Exercise prompt:
Reproduce each line of the material exactly, minus any picture.

Data section:
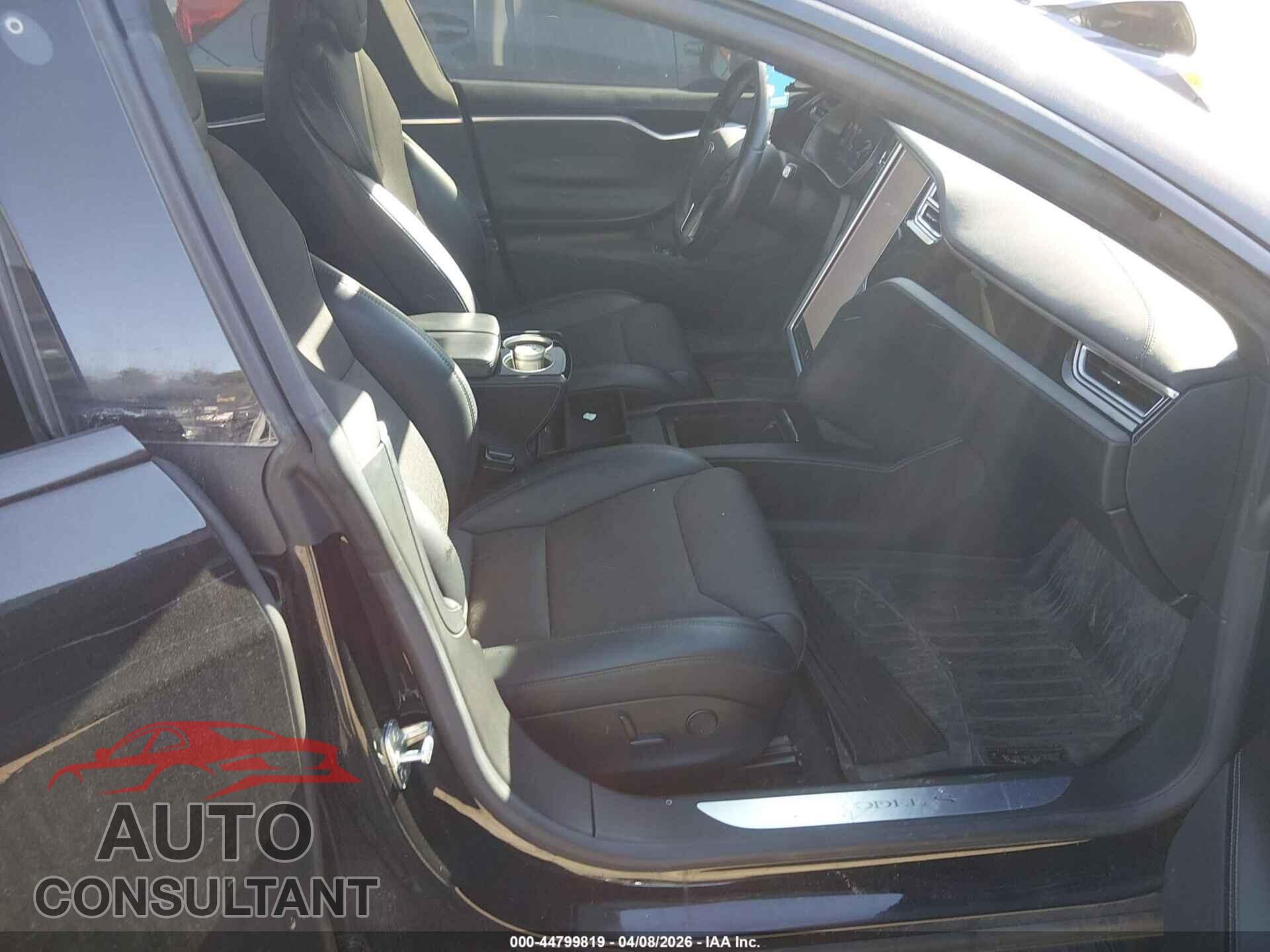 TESLA MODEL S 2017 - 5YJSA1E18HF218326
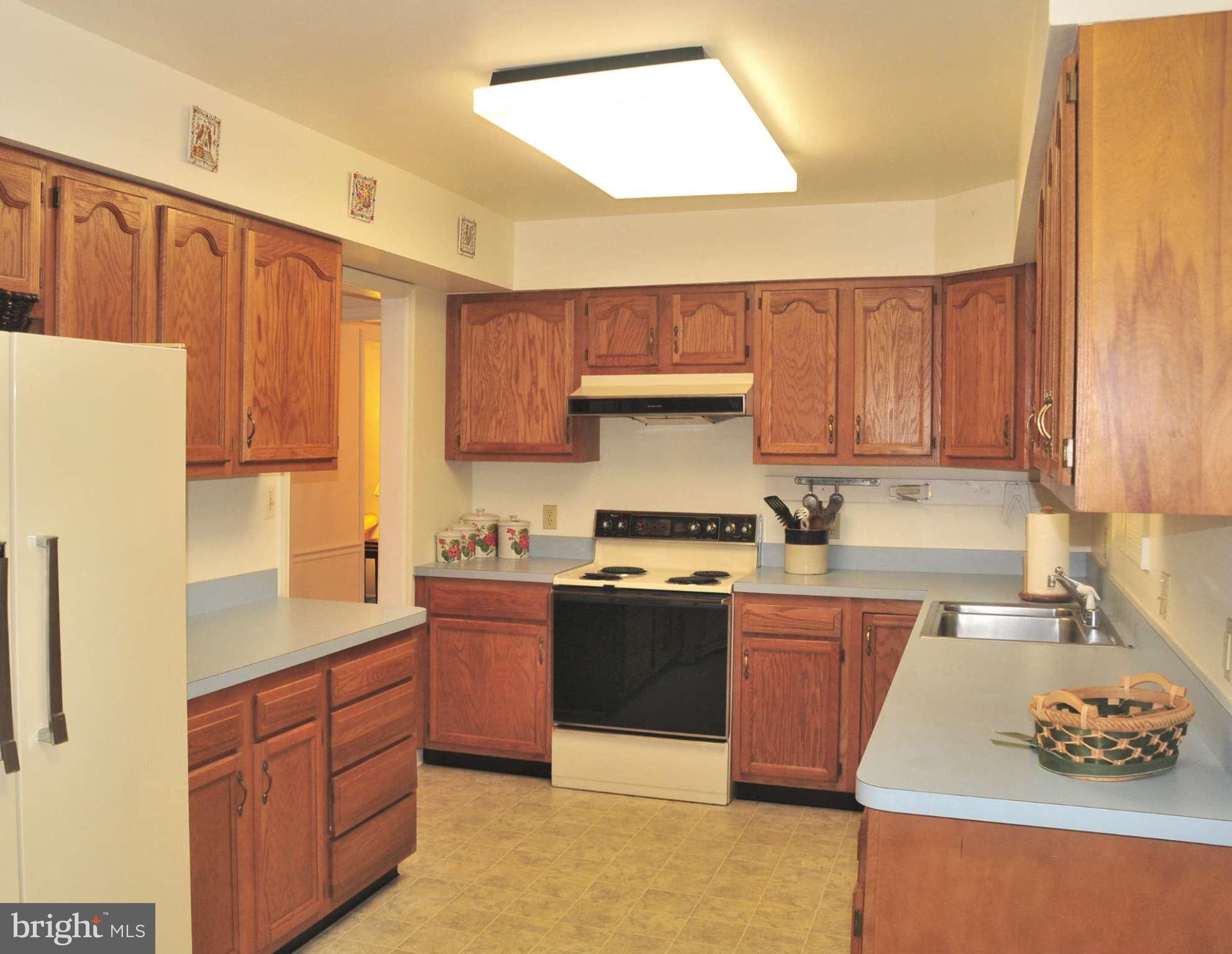 2572 Hidden Cove Road, Unit 156 Annapolis, MD 21401 - Photo 8 of 30 Large Country Kitchen
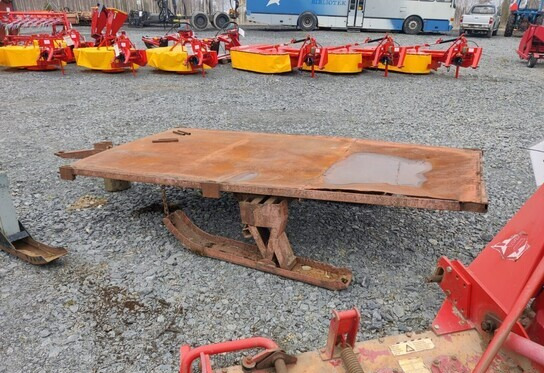 Metsäreki - 300cm x 150cm kuormatilalla - Remolque forestal: foto 4 Metsäreki - 300cm x 150cm kuormatilalla - Remolque forestal: foto 4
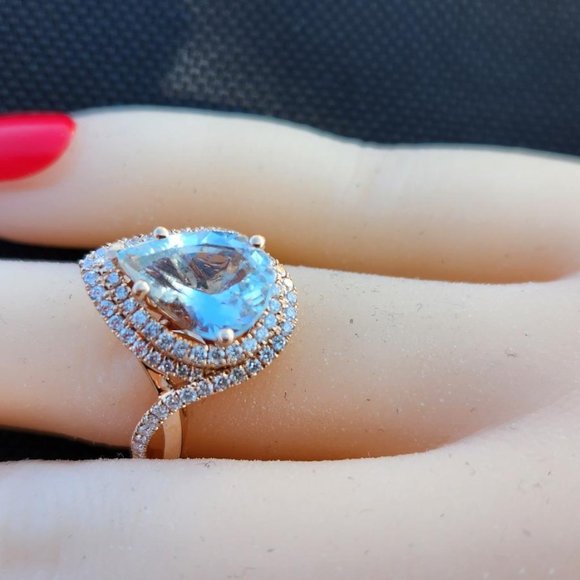 14K rose gold ring with aquamarine stone and diamonds halo - Picture 7 of 15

Exercise result:
 TESLA MODEL S 2017 - 5YJSA1E18HF218326
 2572 Hidden Cove Road, Unit 156 Annapolis, MD 21401 - Photo 8 of 30 Large Country Kitchen
 Metsäreki - 300cm x 150cm kuormatilalla - Remolque forestal: foto 4 Metsäreki - 300cm x 150cm kuormatilalla - Remolque forestal: foto 4
 14K rose gold ring with aquamarine stone and diamonds halo - Picture 7 of 15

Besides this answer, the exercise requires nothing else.